_Problem statement_:
Transcription task. Write out each entry verbatim and exclude any image.

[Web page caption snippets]
• • •
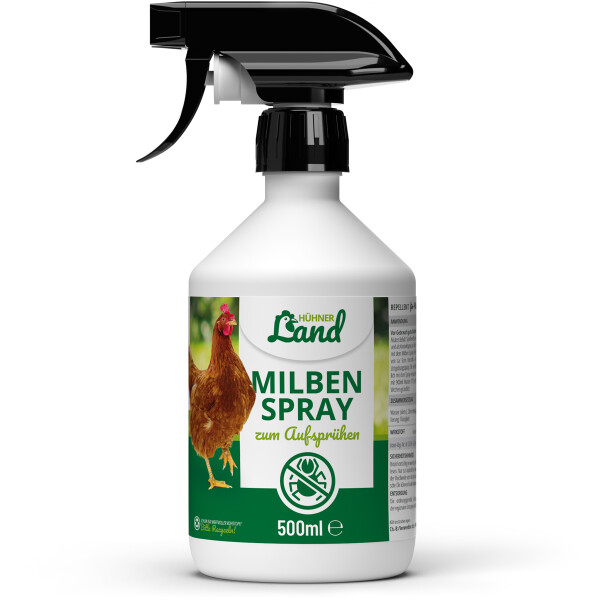 Milben Spray für Hühner 500ml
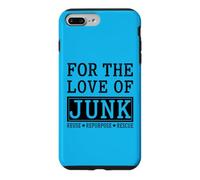 Junk Reuse Repurpose Rescue Thrifting Case for iPhone 7 Plus/8 Plus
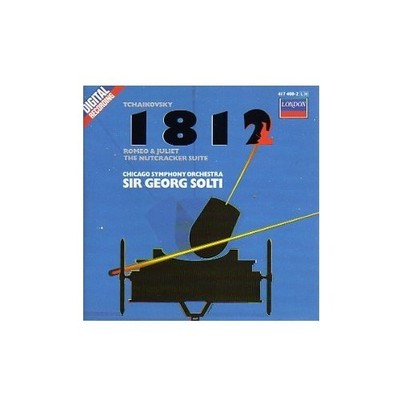 SIR GEORG SOLTI - Chicago Symphony Orchestra - Tchaikovsky 1812 BMG CD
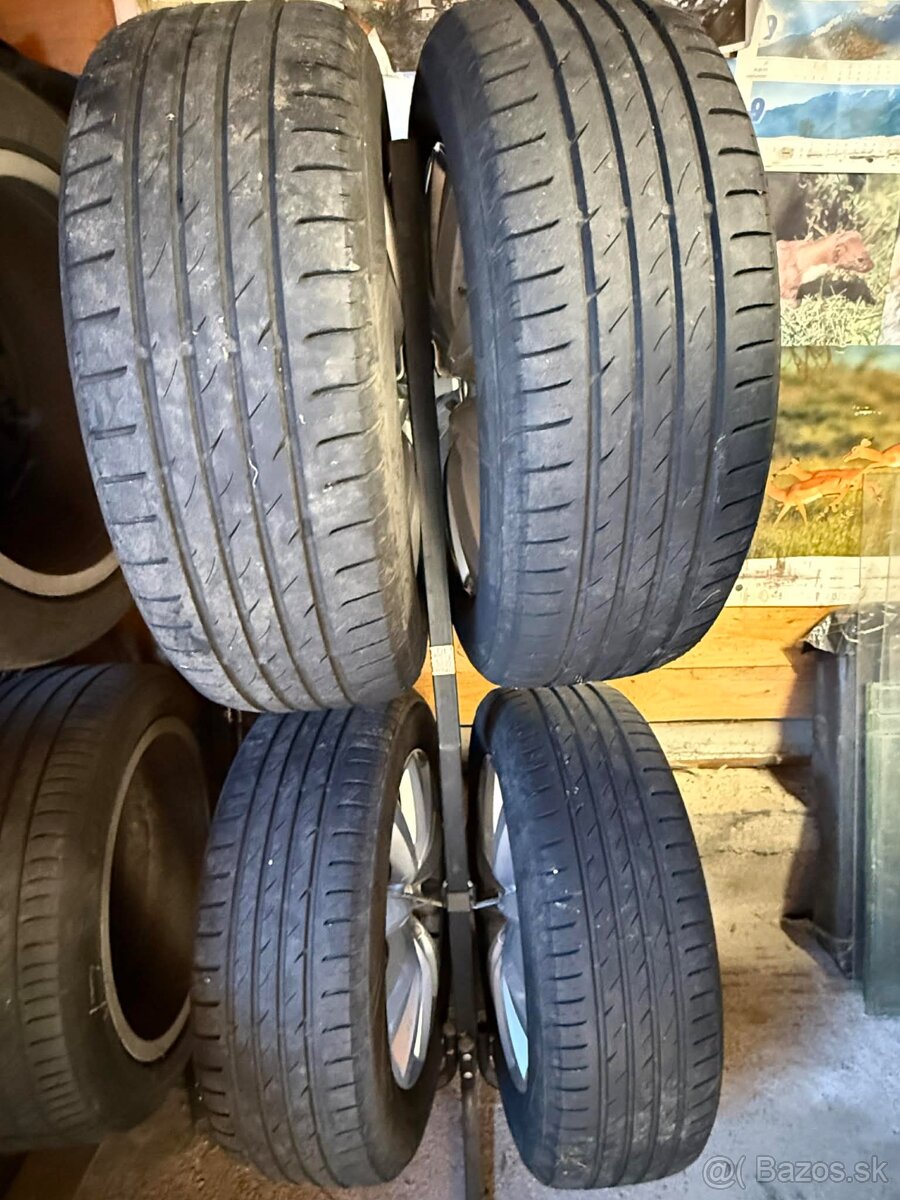 Letná sada kolieska 235/55/R17 - 4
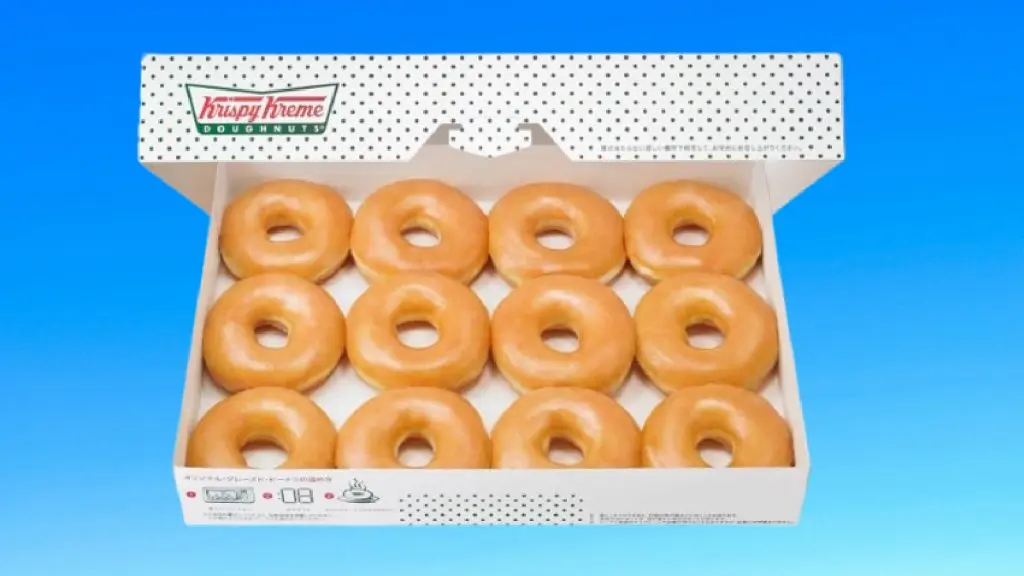 dozen krispy kreme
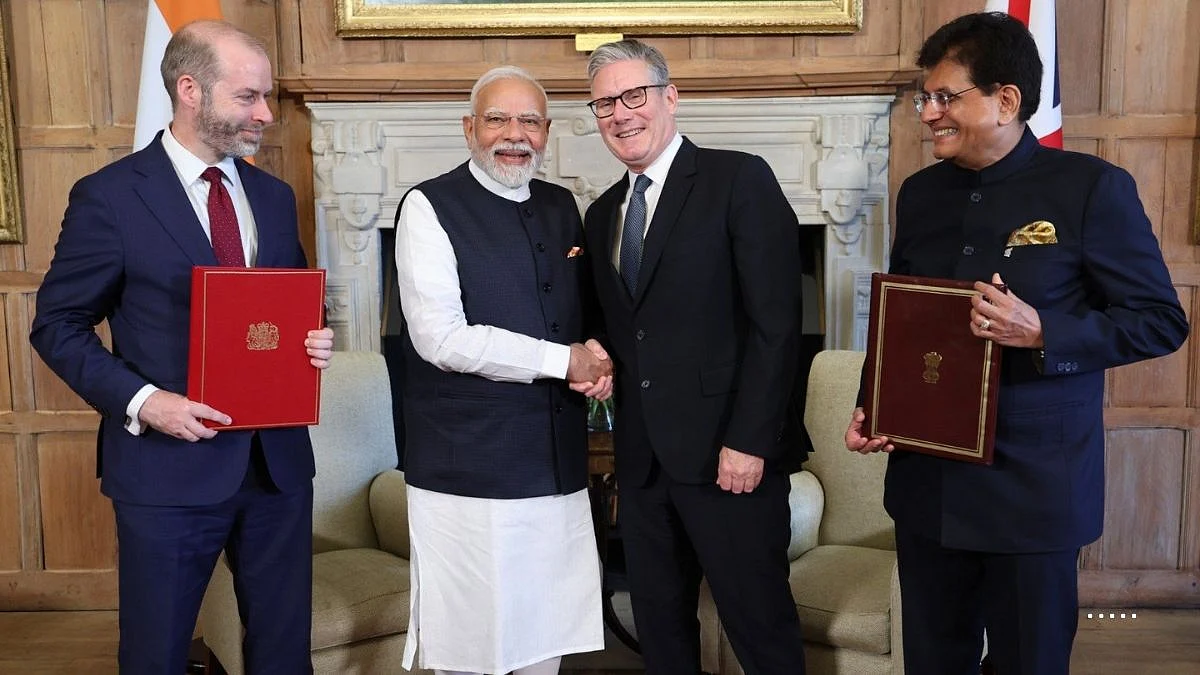 India, UK Ink Long-Awaited FTA: Tariff Cuts, Market Access, And $6 Billion In New Investment 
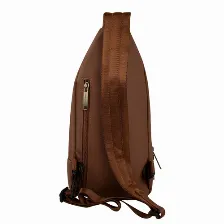 Mochila Perfect Choice Pc-085027 Poliéster, Color Café
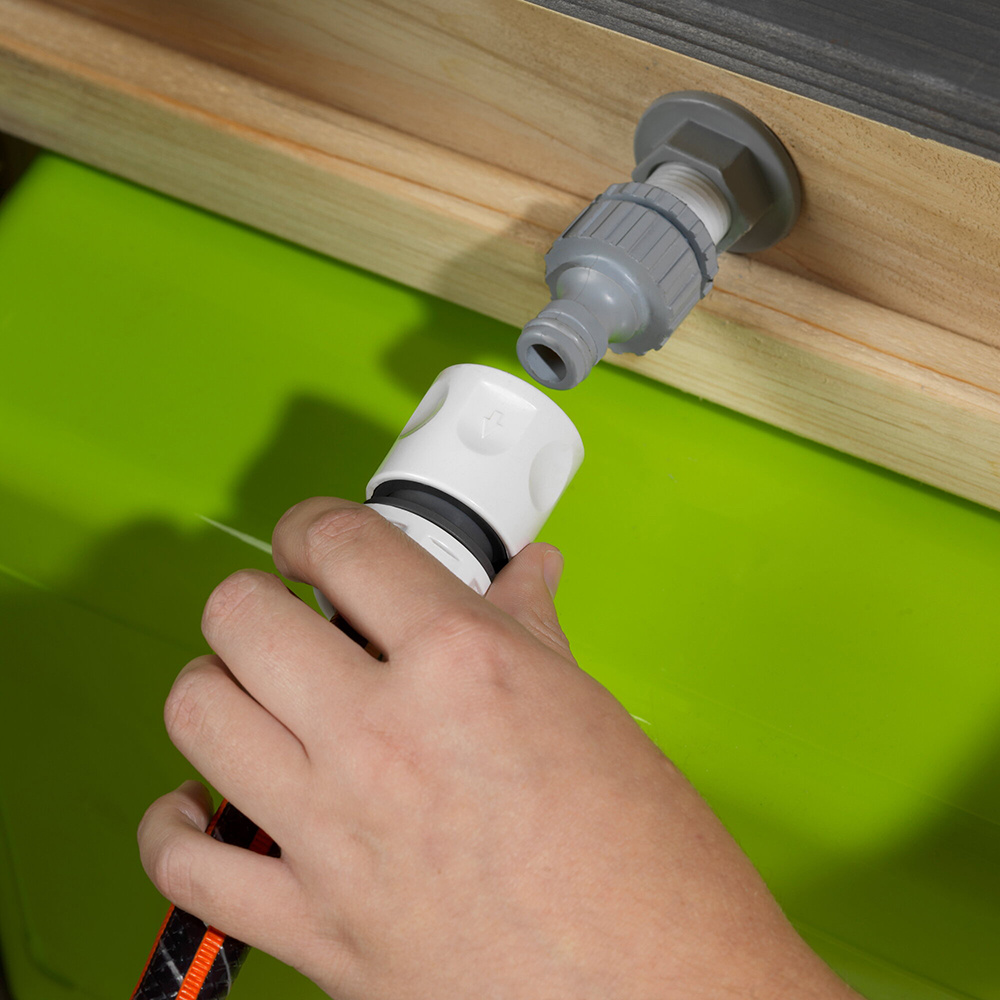 EXIT Yummy 100 wooden outdoor kitchen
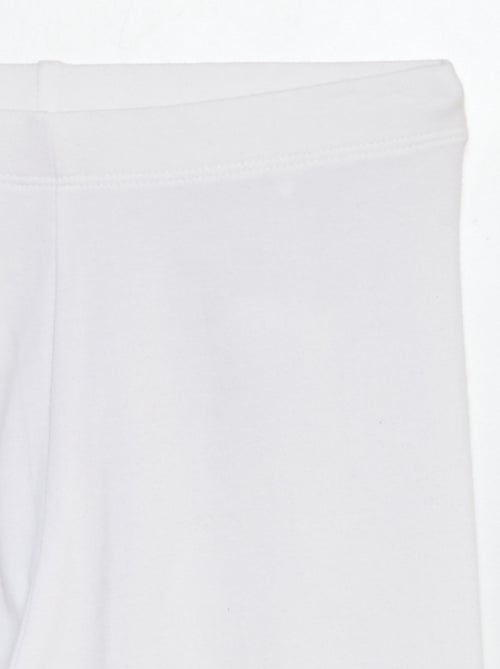Lange legging met stretch - Kiabi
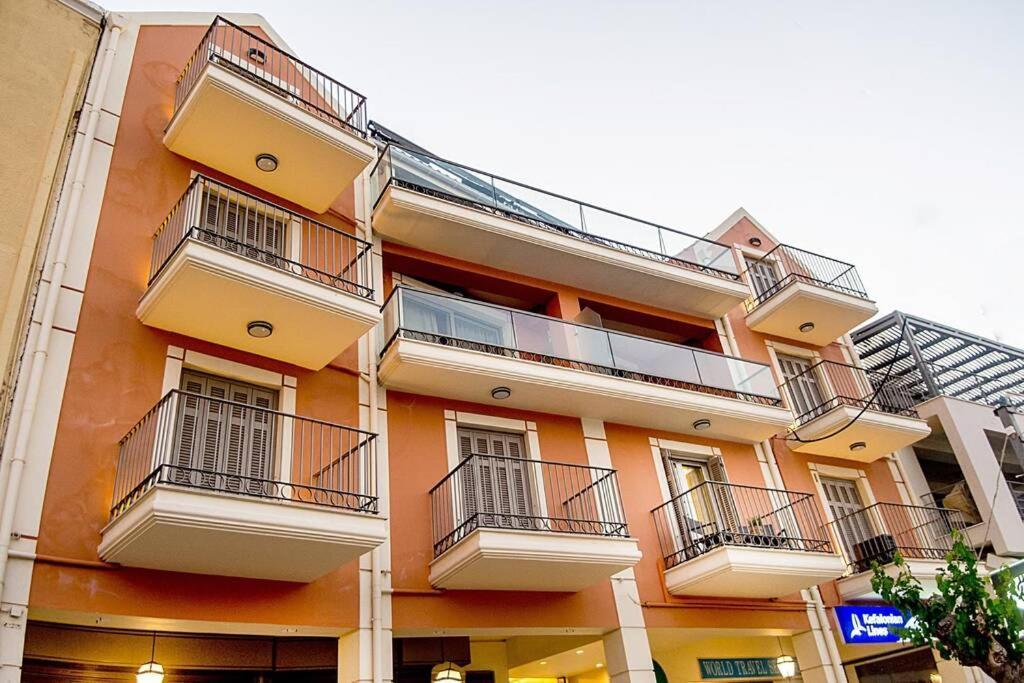 A & B Minimal Suite With Sea View In Argostoli المظهر الخارجي الصورة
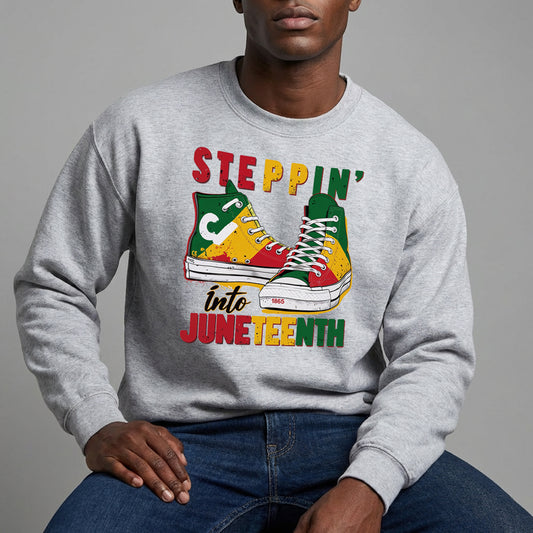 Apparel featuring a Black History Ready DTF Transfer-themed DTF transfer.
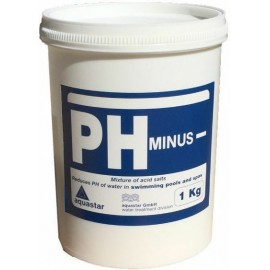 Aquastar Ph Minus Στερεό 1kg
• • •
_Written answer_:
 Milben Spray für Hühner 500ml
 Junk Reuse Repurpose Rescue Thrifting Case for iPhone 7 Plus/8 Plus
 SIR GEORG SOLTI - Chicago Symphony Orchestra - Tchaikovsky 1812 BMG CD
 Letná sada kolieska 235/55/R17 - 4
 dozen krispy kreme
 India, UK Ink Long-Awaited FTA: Tariff Cuts, Market Access, And $6 Billion In New Investment 
 Mochila Perfect Choice Pc-085027 Poliéster, Color Café
 EXIT Yummy 100 wooden outdoor kitchen
Lange legging met stretch - Kiabi
 A & B Minimal Suite With Sea View In Argostoli المظهر الخارجي الصورة
 Apparel featuring a Black History Ready DTF Transfer-themed DTF transfer.
 Aquastar Ph Minus Στερεό 1kg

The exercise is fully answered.